*WHAT IS REQUIRED*
Transcribe exactly the lines that fall between the one holding "Research paper thumbnail" and the one holding "Білий Ніссан Кашкай, об'ємом", inclusive, from the entries below.

*THE RECORDS*

--------------------------------------------------

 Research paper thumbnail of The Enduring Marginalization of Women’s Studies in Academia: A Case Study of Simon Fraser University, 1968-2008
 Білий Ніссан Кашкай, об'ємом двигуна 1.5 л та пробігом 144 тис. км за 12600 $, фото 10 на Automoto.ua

--------------------------------------------------

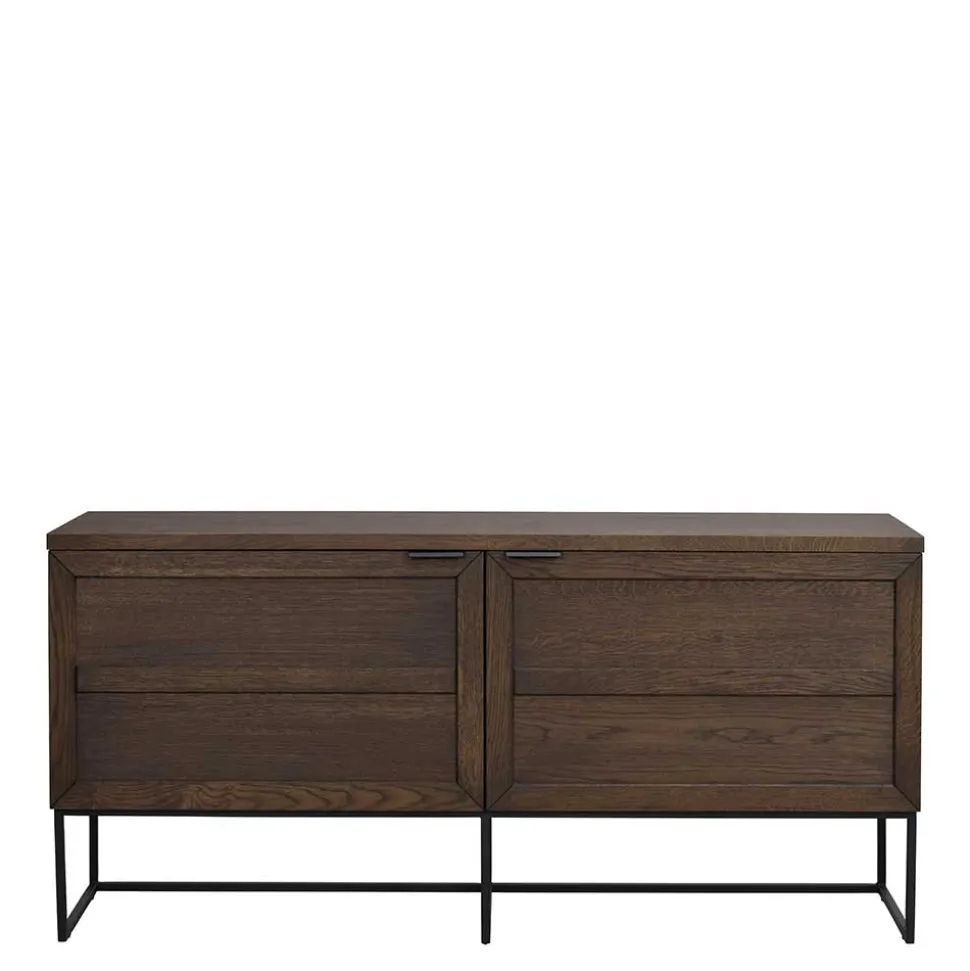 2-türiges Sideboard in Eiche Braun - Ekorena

--------------------------------------------------

*FINAL ANSWER*
 Research paper thumbnail of The Enduring Marginalization of Women’s Studies in Academia: A Case Study of Simon Fraser University, 1968-2008
 Білий Ніссан Кашкай, об'ємом двигуна 1.5 л та пробігом 144 тис. км за 12600 $, фото 10 на Automoto.ua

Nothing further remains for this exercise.